What is a celebrity chef? They don’t cook anymore. They don’t expedite. They put on jackets for photo shoots. Their hands are soft and smooth, their wrists and forearms are unblemished. This is not a criticism (as for so many people it seems to be). Tony is the first to admit it. He worked hard in kitchens for half his life, managed also to write a really good book, and then he went on to a second career, lots more writing and good television shows.
Why do we have to use celebrity chef? We don’t call Wynton Marsalis the celebrity musician. We don’t refer to Annika Sorenstam as the celebrity golfer, we don’t say celebrity actor and we don’t say celebrity celebrity, though surely there are those, someone who’s famous only for being famous. As far as chefs go, are we calling them celebrity chefs to indicate they don’t cook anymore? We should consider this.
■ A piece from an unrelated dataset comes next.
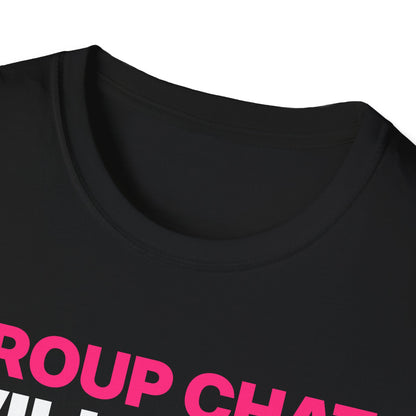 Group Chat Will Hear About This T-Shirt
I write about chefs in the age of the “celebrity chef” in Reach of a Chef. And at the end of the book I sit down with Thomas Keller, a friend with whom I’ve collaborated on two cookbooks, and he said these surprising words: “I’m not a chef anymore, and it breaks my heart.”
This is one of America’s peculiar gifts: To embrace people so hard that they cease to be able to do the work that made them famous in the first place.
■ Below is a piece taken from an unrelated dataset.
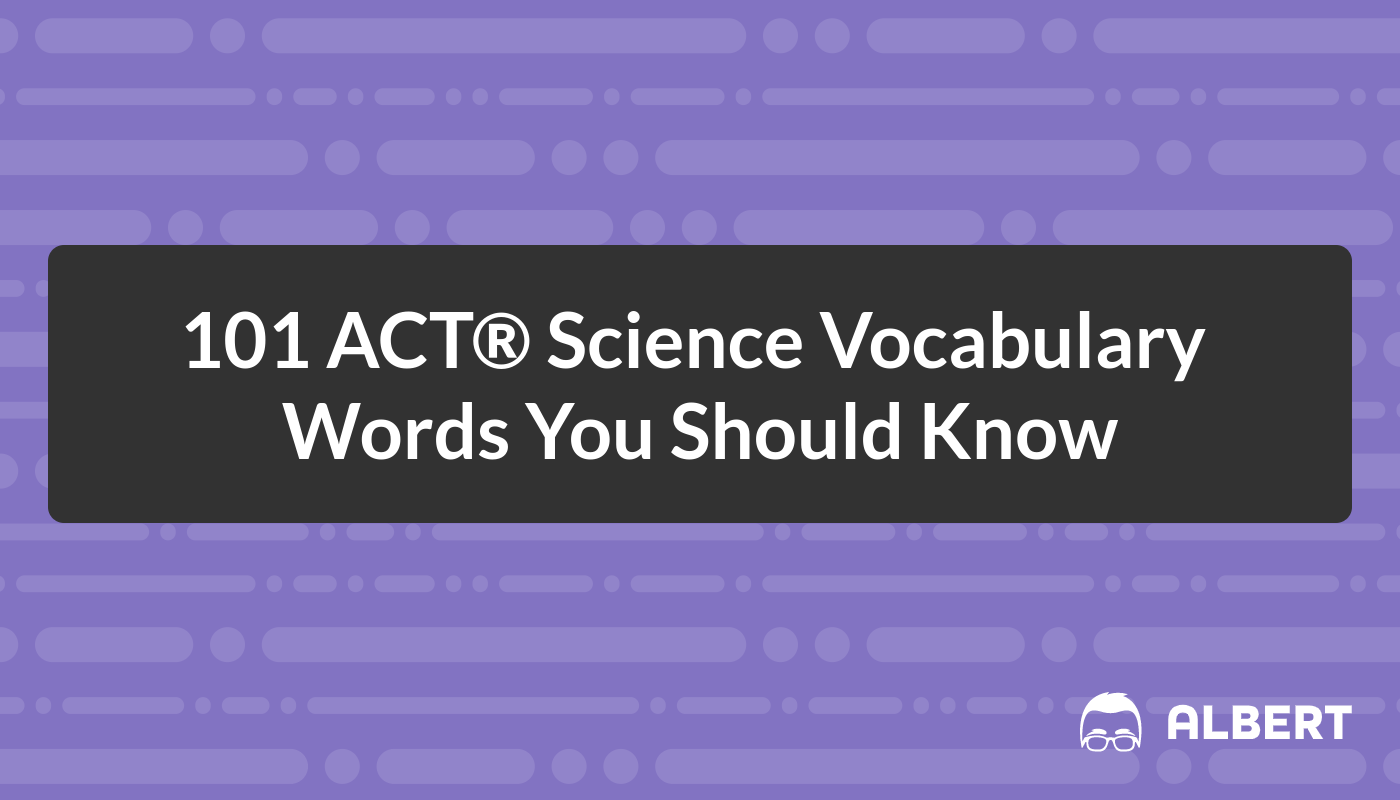 101 ACT® Science Vocabulary Words You Should Know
What exactly are the criteria for being a celebrity chef? Here’s the wikipedia definition (it’s heavily reliant on the work of Juliette Rossant, citing her–she even has her own wikipedia page; sadly I do not—as well as her book called Superchef and her blog of that name…interesting…I wonder why it doesn’t cite, say, the work of Page and Dornenberg who wrote Becoming a Chef, the first book that meaningfully addressed chefs as they moved into the realm of celebrity…hmmm, a bit of a marketing effort from the camp of Ms. Rossant?).
My favorite “celebrity chef” is Cat Cora who, when I was interviewing her for an article on chef branding told me point blank, and with refreshing candor, “It’s something I’ve wanted all my life. To have the fame. Without beating around the bush, that’s the bottom line.” And she’s succeeding—she’s never owned a restaurant or been its executive chef, I believe, though she did run a kitchen at one point and cooked in numerous high end places I’m sure (not a single restaurant is listed on her Wikipedia page)—but she’s famous, often on Regis, the only female iron chef, etc. Being a working chef was once a prerequisite for being a famous chef during the 1990s, but that’s changing. Now you don’t even need a restaurant. You need what they call in the branding biz “a platform.”
Of course, the most famous of the professional cooks got that way by being good on TV, which is the best kind of platform there is.
I think we, and especially the media, should make a clear distinction. A celebrity chef is a chef who no longer cooks (or maybe never did cook). If they’re still cooking, then their working title should be used. If they don’t cook anymore or are just famous for it, then they should be called a “celebrity chef”—that truly would mean something.